Global revulsion at the mind-numbing carnage of Israel’s onslaught on Gaza seems finally to have spurred some of the western political class to speak out. The resignation of Sayeeda Warsi, Britain’s first Muslim cabinet minister, in protest against her government’s “morally indefensible” stance, emboldened Nick Clegg, the deputy prime minister, to demand the suspension of arms export licences to Israel.
Last week it was Ed Miliband who condemned Israel’s invasion and the prime minister’s “silence on the killing of innocent Palestinian civilians”. Even the United States administration denounced its strategic protege’s “disgraceful” bombardment of a school, while Barack Obama described Palestinian suffering as “ heartbreaking” – as if he had nothing to do with it.
Now that Israelis and Palestinians have arrived in Cairo to turn the ceasefire into something more long-lasting, perhaps it feels safer to take a stand. But a month of indiscriminate brutality in which 1,875 Palestinians and 67 Israelis have been killed is still presented, grotesquely, as a war of Israeli self-defence – rather than as a decades-long confrontation between occupier and occupied, in which western governments stand resolutely on the side of the occupier.
And while the overwhelming majority of Palestinian dead are civilians – 430 of them children – and 64 of the Israeli dead are soldiers, it is Hamas that is branded terrorist, rather than the Israeli armed forces armed with the most sophisticated targeting technology in the world.
It’s only necessary to consider for a moment what the reaction would have been if the death toll had been the other way round to realise how loaded are the scales of western moral outrage and selective the appetite for action.

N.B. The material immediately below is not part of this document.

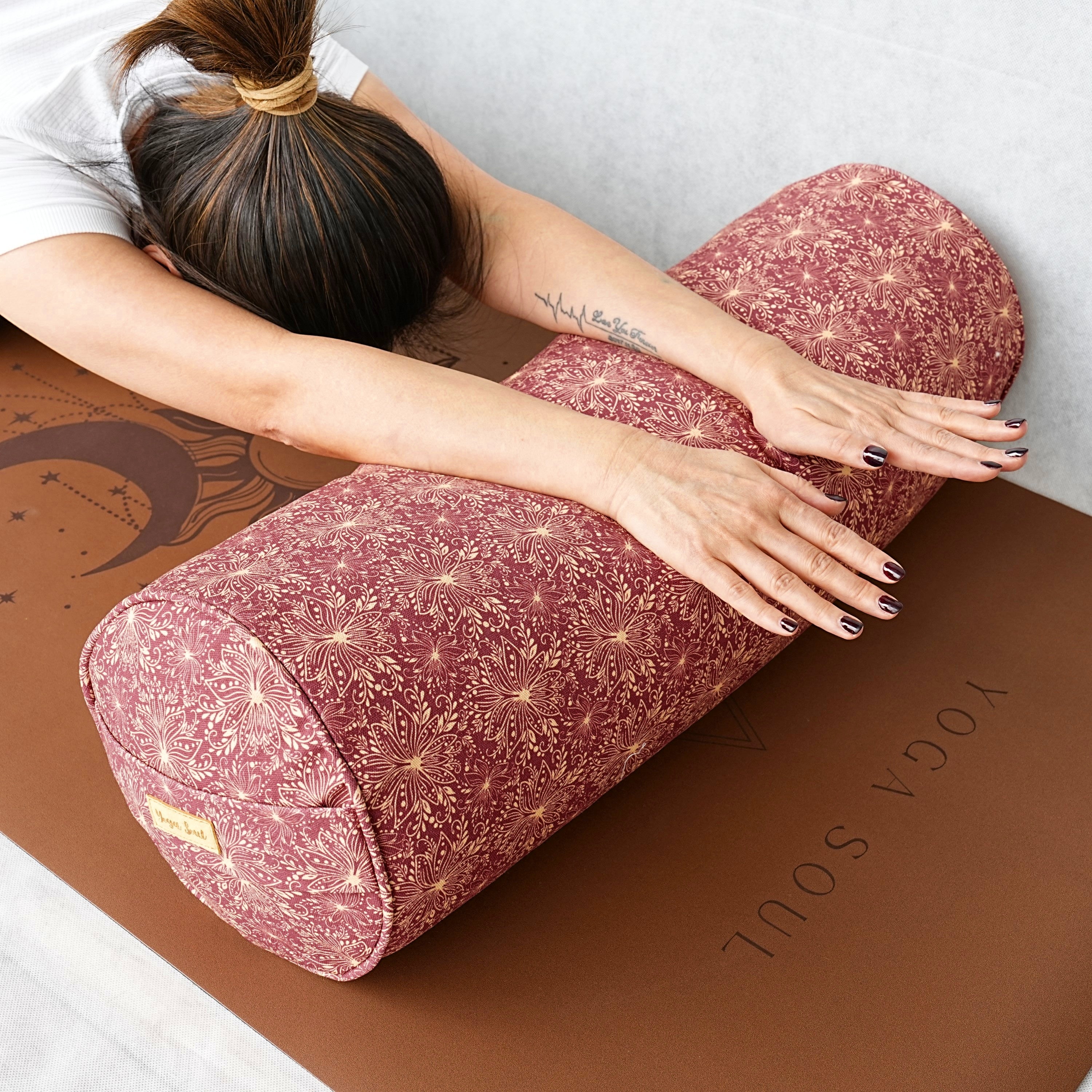Round Yoga Bolster | Sattva Lotus | Aura Red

And it’s only by ignoring the entire history of the conflict that it can be portrayed as the result of some wearisome ancient ethnic hatred.
This week’s centenary of the outbreak of the first world war should help. David Cameron claims it was fought for freedom. In reality, it was a savage industrial slaughter perpetrated by a gang of imperial powers to carve up territories, markets and resources.

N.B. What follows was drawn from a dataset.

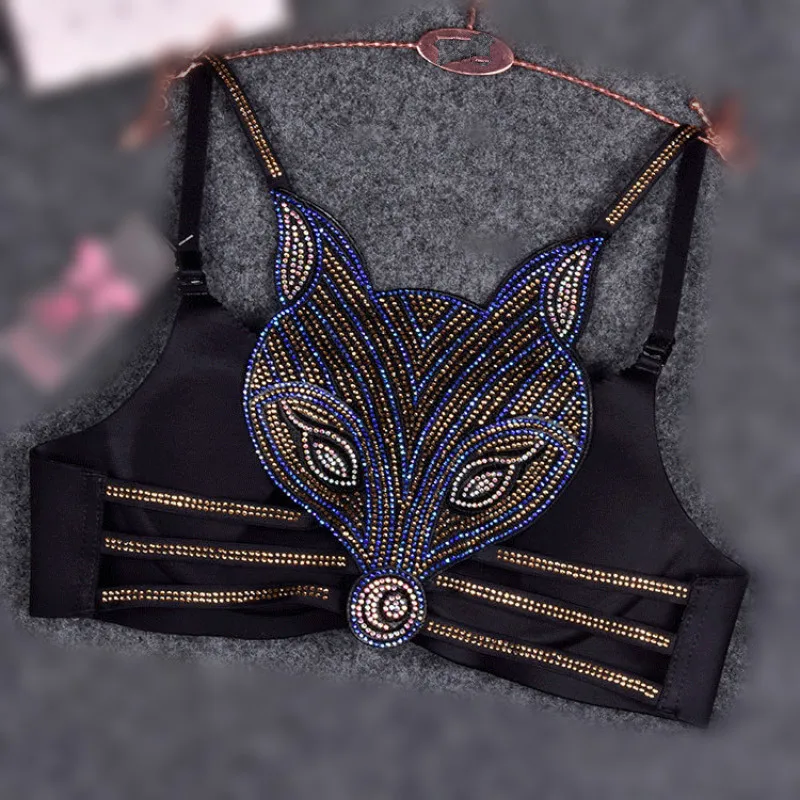 Стразы мягкий Майки Женское платье bling драгоценные камни камзол femme пикантные лиса бюстгальтер майки женские работы из бисера с рисунком лисы, топы с бретельками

Far from defending democracy or the rights of small nations, Britain and France ended the war divvying up the defeated German and Ottoman empires between them, from Iraq to Palestine. A century on, we’re still living with the consequences.
In my own family, both my grandmothers lost brothers in the 1914-18 war. One was George Mackay Clark, who fought with the Royal Scots in Gallipoli and the campaign to conquer Palestine. He was killed in November 1917, just outside Gaza.
Ten days earlier, a British foreign secretary had signed the Balfour declaration, which on behalf of one people promised to a second the land of a third. Palestine would be a “home for the Jewish people” provided that nothing would prejudice the rights of the “existing non-Jewish communities”, as the Palestinians were described.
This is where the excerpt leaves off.